Back Button
Menu Button

Working Remotely – It Comes at a Cost

I sometimes joke that my “international headquarters” is located in Clive, Iowa, with satellite offices peppered “throughout the globe.” Technically, there is a great deal of truth to this seemingly impressive boast. However, fact and fiction become more clear after revealing my true workplace arrangement.

My office is indeed based in Clive, but I don’t participate in daily or weekly employee meetings. I do not gossip at the water-cooler – heck, I have NO water cooler! My office consists of one person – ME. When I am not physically in the office, I can be anywhere and everywhere still transacting business – with the assistance of my laptop, iPhone and iPad (Wi-Fi is a critical ‘friend’ to me). Even though I have a physical office, I often feel that I work ‘remotely’. Much of what I do is by myself or orchestrated with a few trusted third-parties. I have come to like this ‘remote’ arrangement a great deal. But it does come at a cost.

According to a 2017 Gallup survey, 43 percent of 15,000 employed Americans said they spent at least some time working remotely – usually from their own home. This represents a four percent increase from 2012. In our 2016 Iowa Employer Benefits Study©, we found that over 34 percent of employers with more than 101 employees offer flextime, while just over 14 percent of employers with fewer than 101 employees did. Flextime allows for employees to customize their schedules within a certain range of hours and days. Unfortunately, these results do not specifically reveal how many Iowa employers allow employees to work remotely.

Flexible scheduling and working remotely are increasingly important factors for employees to take (or leave) a job. Employees argue, and many employers acknowledge, that these practices are beneficial for both – workers are more productive for their organizations (an obvious win for employers) while being able to more successfully navigate through their own personal work-life issues (a win for employees). Working remotely and having flexible hours also provide financial upsides to employees –  savings in lunches and transportation costs, along with having greater childcare flexibility.
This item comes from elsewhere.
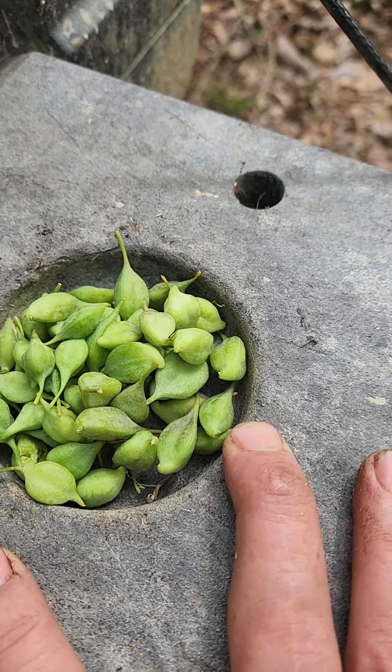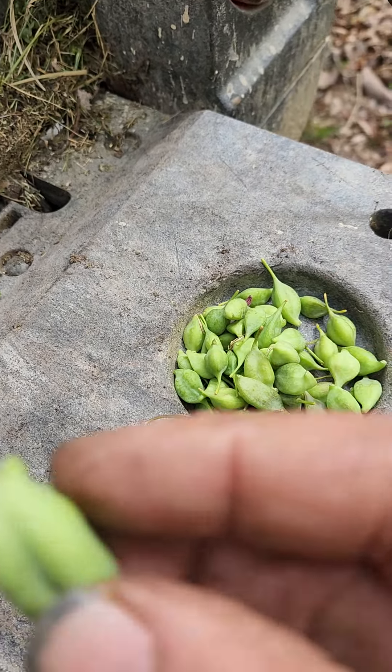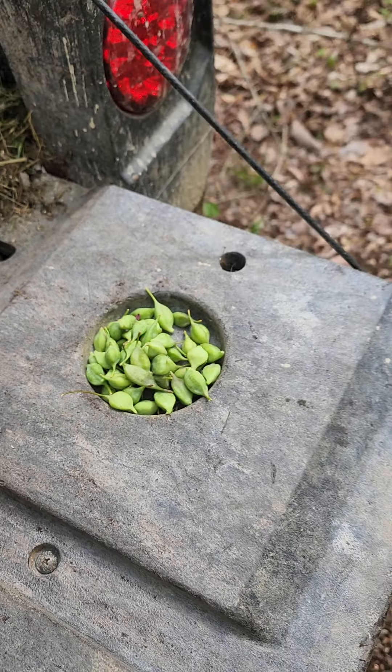Let me pick a big one — yeah, that's a big one. If this one is as good as the last one... hmm, juicy, sweet — that is tasty and hugely delicious.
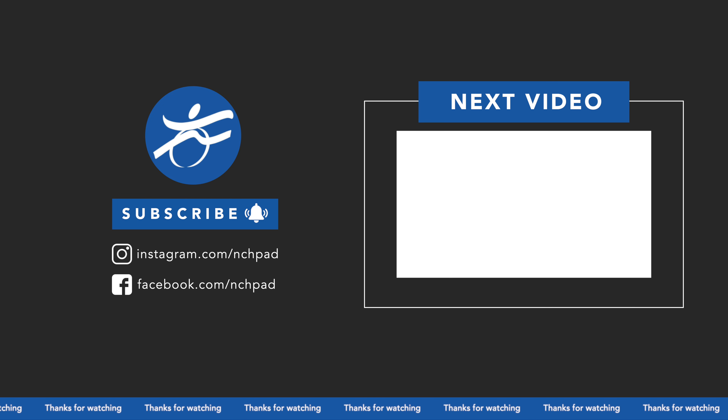And that's it — that's your floor-based flexibility exercises. If you find any of these practices to be meaningful for you, leave a comment, share the video with anyone that you think may benefit from it, and subscribe to the channel.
A 2015 Employee Job Satisfaction and Engagement report by SHRM indicated that 55 percent of employees cited that flexibility to balance work and life issues was a very important aspect of their job satisfaction. This same report found that leading reasons employees would not leave their jobs within the next year was primarily due to compensation/pay (45 percent) and having the flexibility to balance work and life issues (42 percent).

But, as I have personally found, working ‘remotely’ does have some drawbacks. Here are two of the largest challenges that employers (and employees) should be cognizant of when working remotely.

Social Connectivity Can Suffer

Social connectivity drives the engine of our mental well-being. Connectedness within the workplace plays a vital role for employees to feel they are seen, heard and valued through organizational relationships. Working remotely can easily isolate one from social inter-activities that is crucial for employees who yearn to have the ‘sense of belonging.’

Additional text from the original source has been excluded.